This is a question for Abter 1 or anyone who has opinions on this. This threat continues to arise in the media and from government sources. Analogies are frequently made to the Canadian royalties loss of pass through. Let's ignore the probabilities of such an action and consider the impact on pipeline MLP's were it to happen.
It appears that most Pipeline MLP's, unlike Canadian royalty trusts, have very little taxable income. Many have only 10% to 20% of their distrbutions being taxable to the limited partners. It is my understanding that this because of depreciation on the pipelines for tax purposes subtantially reducing taxable income. Asuuming this is correct then it appears that were they to become C corporations they would have very little income tax and their dividend distributions would be very similar to the those previously distributed to the limited partners and would be largely non taxable returns of capital.

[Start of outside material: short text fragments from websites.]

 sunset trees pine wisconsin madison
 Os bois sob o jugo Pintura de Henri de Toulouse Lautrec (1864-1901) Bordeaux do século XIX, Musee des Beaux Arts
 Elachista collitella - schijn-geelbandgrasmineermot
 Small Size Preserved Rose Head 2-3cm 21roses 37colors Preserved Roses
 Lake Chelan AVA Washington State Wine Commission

It is true that many MLPs generate little current year taxable income, especially for new investors. The income is tax postponed however, not tax avoided; when you sell you "recapture" that income and pay income tax. The tax postponement feature does indeed involve depreciation as measured by a conventional C corp.

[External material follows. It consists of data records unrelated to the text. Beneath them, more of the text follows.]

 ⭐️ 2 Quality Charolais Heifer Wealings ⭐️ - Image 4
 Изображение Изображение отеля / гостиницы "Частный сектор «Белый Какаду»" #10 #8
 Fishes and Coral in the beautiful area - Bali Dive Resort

The value proposition of an energy MLP is highly dependent on the tax code structure. They offer a real value-added service to the economy (transportation and storage of energy related materials, with related services). The real value of many pipelines are not merely the hardware itself. A major part of the value is based on the land and legal right of way for the pipes & storage facilities, and the partnerships management ability to run the operations to provide the services. This part of the value does not depreciate; IMHO is actually increases in value as a scarce & hard to replace resource. Trying to build an entirely new pipeline or storage facility, especially into or near metropolitan areas, is close to impossible due to NIMBY and liability issues. This creates a very wide moat creating increasing value. The pipes and other hardware of course do deteriorate and depreciate (although perhaps not as fast as accounting rules acknowledge). After full daily/weekly/monthly/yearly/long-term maintenance capital expenditures (CapEX) are used effectively, which will replace all the hardware over time to keep it going, the pipeline enterprise becomes nearly internal. This is quite different for E&P pipes, and some G&Ps as well; if the oil or gas field gets played out the value of a perfectly maintained pipeline system to the now dry wells is worthless, and the land and right of ways are also.

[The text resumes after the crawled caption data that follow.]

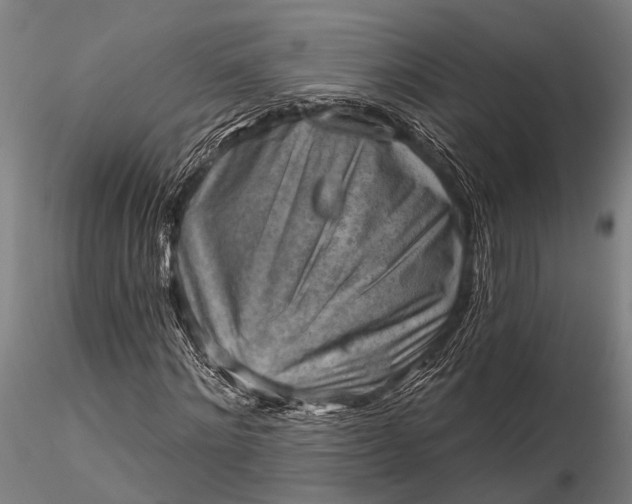 X0000116300868200912141333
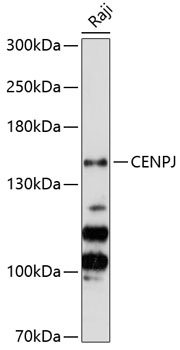 CENPJ Rabbit pAb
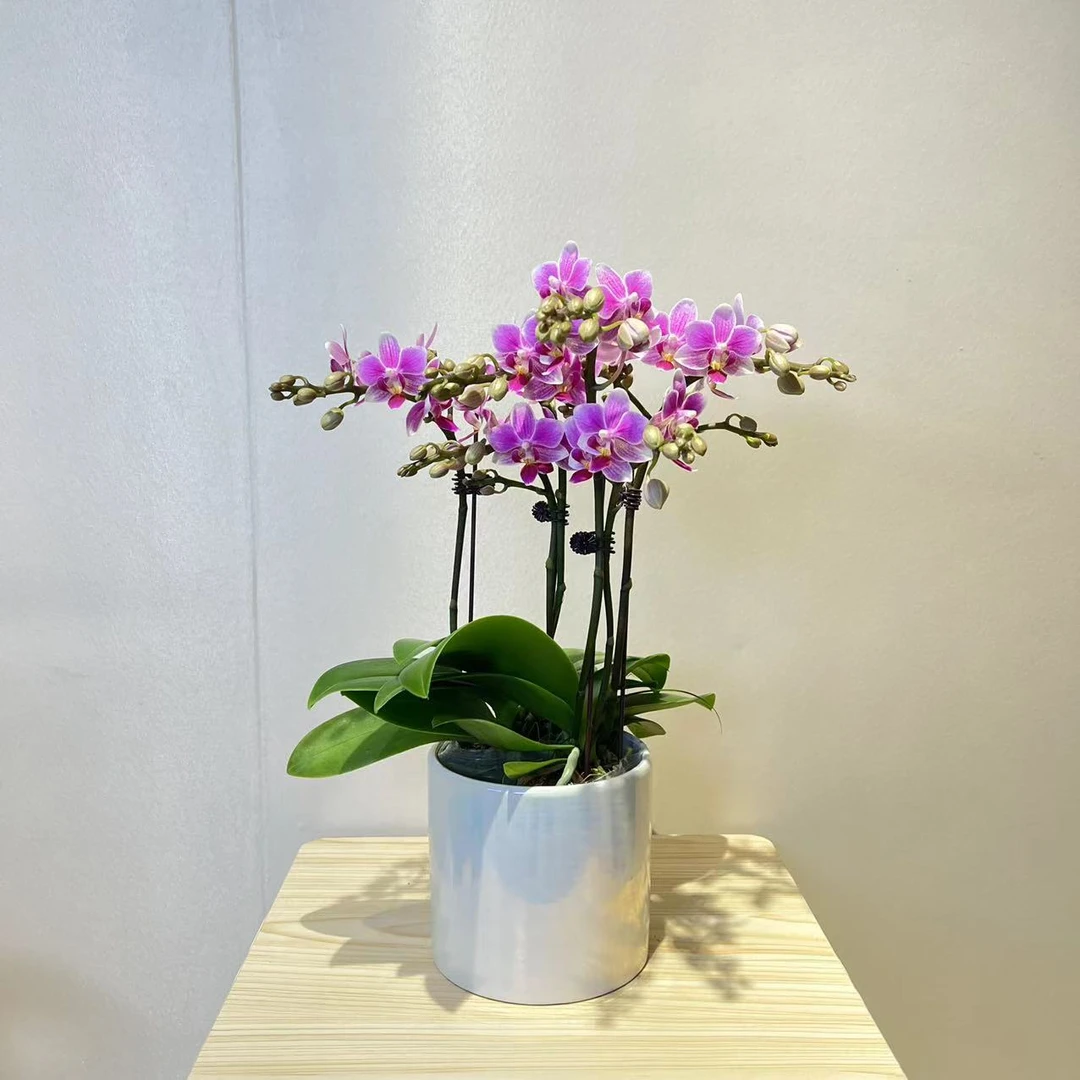 组盆装[香格里拉]2.8寸杯蝴蝶兰 叶片碧绿 基地直发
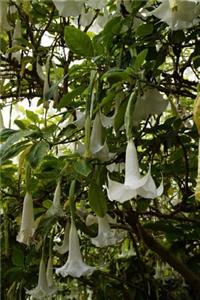 Charming White Catalpa Flowering Plant Gardening Journal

Back to your more germane question: An MLP converting to a C-corp, either through their own reorganization or as an acquisition that does not keep the MLP structure going, would be a VERY painful tax experience for one and all. The one time tax shock would be high (I believe the tax implications could be similar to sudden and unexpected sale of all your MLP investments, with a loss of all accumulated carry-forward credits), but going forward the operation of the business (as a C-corp) would be in an entirely new universe. There are of course pipeline service companies organized as a C-corp(including subsidiary as units of C-corps), but many such businesses have found it more profitable (often highly profitable) to sell and/or spin off the pipeline assets into an MLP. Going the other way would reverse that, and would likely be very unprofitable.
The world of MLPs is pretty big, but I can't recall off the top of my head a situation where an MLP became a C-corp (and stopped operating as an MLP). The GP being bought by a C-corp? YES, that happens, but that keeps the MLP operating. The GP was not necessarily an MLP to begin with (some GPs are, most are not). I simply think it would be a tax disaster to go from being an MLP to being a C-corp.
Thank you for your prompt response. First, I am retired and have no intention of ever selling MLP's and incurring the tax recapture. I plan to have these investments pass through my estate.
I realize that a conversion to a C corporation would be the same as selling and a tax disaster. If there were a change in the law on MLP taxation would it permit the MLP to continue as a tax paying partnership or require the equivalent of a conversion to a C corporation? Could the assets be transferred to a corporation in a tax free transaction?
My hope is that the discussion is academic and there will be no change in the law. But who knows?